Work item: Give back exactly the lines that run from the beginning of the entries to the line containing "Ton copain te", both included, and nothing else.
The input below:
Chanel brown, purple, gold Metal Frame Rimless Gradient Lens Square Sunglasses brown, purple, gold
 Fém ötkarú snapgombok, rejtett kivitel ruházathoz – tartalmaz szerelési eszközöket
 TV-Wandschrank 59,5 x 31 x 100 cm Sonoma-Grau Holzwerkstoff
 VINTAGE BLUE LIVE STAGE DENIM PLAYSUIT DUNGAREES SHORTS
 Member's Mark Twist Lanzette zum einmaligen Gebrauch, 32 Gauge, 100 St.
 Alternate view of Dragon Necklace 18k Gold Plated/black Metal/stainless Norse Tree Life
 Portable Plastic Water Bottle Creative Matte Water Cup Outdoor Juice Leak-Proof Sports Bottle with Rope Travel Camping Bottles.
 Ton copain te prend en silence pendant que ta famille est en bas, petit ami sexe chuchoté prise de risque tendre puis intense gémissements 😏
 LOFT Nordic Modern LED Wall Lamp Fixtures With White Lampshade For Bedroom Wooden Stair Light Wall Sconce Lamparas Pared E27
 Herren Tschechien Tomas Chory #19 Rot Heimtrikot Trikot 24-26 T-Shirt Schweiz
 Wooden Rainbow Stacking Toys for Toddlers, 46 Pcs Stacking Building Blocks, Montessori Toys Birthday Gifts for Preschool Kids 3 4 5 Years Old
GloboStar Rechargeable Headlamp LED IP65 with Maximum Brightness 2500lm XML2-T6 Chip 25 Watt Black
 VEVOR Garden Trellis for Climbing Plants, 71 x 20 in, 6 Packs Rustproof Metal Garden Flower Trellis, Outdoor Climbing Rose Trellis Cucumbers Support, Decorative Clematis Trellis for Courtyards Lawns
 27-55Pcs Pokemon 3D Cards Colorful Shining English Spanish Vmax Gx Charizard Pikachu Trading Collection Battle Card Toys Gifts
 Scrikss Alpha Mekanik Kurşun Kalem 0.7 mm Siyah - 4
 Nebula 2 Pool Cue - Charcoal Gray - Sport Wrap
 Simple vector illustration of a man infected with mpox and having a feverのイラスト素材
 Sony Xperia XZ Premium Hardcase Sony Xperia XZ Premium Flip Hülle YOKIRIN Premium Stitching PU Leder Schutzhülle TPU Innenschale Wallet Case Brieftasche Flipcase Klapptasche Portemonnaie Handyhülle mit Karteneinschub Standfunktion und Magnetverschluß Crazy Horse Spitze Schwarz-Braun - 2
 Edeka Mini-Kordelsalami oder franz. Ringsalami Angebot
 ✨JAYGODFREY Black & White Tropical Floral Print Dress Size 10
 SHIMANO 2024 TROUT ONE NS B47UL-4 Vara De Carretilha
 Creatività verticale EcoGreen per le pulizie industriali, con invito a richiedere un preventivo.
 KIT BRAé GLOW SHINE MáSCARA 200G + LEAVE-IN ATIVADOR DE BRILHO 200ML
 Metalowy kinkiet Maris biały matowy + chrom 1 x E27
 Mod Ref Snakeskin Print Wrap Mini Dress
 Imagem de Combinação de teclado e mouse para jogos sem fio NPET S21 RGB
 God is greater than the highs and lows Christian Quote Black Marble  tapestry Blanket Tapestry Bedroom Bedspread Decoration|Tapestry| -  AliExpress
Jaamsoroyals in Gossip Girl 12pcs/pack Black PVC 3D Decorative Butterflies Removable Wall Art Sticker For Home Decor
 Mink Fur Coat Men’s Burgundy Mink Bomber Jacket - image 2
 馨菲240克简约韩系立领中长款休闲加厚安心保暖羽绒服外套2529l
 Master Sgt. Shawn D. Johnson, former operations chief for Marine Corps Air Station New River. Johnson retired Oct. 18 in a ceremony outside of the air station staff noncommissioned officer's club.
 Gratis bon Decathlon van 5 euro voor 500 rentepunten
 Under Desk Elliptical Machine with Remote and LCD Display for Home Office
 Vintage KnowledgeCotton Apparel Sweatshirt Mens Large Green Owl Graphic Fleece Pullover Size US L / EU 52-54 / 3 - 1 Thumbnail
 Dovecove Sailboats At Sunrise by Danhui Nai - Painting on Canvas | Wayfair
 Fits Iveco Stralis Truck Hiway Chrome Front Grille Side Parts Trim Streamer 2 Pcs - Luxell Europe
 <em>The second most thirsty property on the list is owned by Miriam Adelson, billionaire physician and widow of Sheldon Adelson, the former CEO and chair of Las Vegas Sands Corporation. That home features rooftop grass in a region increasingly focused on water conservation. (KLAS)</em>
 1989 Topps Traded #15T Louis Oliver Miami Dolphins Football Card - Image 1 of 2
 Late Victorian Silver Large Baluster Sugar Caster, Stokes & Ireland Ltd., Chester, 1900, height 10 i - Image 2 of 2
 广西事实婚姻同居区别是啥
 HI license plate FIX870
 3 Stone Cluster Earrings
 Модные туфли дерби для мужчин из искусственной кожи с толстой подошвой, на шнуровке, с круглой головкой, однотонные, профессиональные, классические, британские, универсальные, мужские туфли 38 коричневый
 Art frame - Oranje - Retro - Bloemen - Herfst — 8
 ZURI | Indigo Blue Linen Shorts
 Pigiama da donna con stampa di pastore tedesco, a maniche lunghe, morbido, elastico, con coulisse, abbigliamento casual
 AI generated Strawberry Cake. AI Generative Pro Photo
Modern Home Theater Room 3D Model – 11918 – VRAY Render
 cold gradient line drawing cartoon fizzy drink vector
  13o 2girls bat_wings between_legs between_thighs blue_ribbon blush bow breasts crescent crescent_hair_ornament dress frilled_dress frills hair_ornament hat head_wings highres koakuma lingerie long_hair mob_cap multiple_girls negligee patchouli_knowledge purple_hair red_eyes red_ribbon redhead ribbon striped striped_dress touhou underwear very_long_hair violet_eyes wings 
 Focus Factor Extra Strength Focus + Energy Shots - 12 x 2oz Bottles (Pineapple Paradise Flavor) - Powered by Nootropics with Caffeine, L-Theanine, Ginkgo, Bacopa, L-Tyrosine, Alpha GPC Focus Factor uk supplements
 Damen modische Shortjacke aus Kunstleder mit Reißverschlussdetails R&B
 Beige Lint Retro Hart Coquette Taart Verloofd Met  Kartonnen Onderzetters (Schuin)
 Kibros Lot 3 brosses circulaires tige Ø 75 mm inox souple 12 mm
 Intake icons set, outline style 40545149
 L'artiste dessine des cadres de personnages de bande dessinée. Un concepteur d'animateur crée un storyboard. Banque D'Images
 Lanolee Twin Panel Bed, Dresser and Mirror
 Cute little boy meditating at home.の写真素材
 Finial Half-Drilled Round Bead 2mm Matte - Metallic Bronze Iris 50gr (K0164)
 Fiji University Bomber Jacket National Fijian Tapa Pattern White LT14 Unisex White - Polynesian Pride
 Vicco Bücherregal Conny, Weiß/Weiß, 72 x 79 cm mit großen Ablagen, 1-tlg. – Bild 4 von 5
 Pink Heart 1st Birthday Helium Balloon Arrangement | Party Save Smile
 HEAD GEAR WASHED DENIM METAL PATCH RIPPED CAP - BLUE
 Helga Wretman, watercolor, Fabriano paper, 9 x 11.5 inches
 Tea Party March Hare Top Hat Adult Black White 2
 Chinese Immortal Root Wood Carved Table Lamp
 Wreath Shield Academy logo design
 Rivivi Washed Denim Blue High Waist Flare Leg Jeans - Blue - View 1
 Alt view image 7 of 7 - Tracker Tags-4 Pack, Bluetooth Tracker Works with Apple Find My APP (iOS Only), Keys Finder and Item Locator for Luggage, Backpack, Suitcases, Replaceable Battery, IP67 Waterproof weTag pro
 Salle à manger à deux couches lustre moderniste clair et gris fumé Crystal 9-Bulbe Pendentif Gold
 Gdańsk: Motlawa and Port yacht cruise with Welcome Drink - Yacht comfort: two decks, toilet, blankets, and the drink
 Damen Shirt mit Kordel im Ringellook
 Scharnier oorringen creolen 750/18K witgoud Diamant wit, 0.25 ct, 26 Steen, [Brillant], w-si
End of The input.
Answer box:
Chanel brown, purple, gold Metal Frame Rimless Gradient Lens Square Sunglasses brown, purple, gold
 Fém ötkarú snapgombok, rejtett kivitel ruházathoz – tartalmaz szerelési eszközöket
 TV-Wandschrank 59,5 x 31 x 100 cm Sonoma-Grau Holzwerkstoff
 VINTAGE BLUE LIVE STAGE DENIM PLAYSUIT DUNGAREES SHORTS
 Member's Mark Twist Lanzette zum einmaligen Gebrauch, 32 Gauge, 100 St.
 Alternate view of Dragon Necklace 18k Gold Plated/black Metal/stainless Norse Tree Life
 Portable Plastic Water Bottle Creative Matte Water Cup Outdoor Juice Leak-Proof Sports Bottle with Rope Travel Camping Bottles.
 Ton copain te prend en silence pendant que ta famille est en bas, petit ami sexe chuchoté prise de risque tendre puis intense gémissements 😏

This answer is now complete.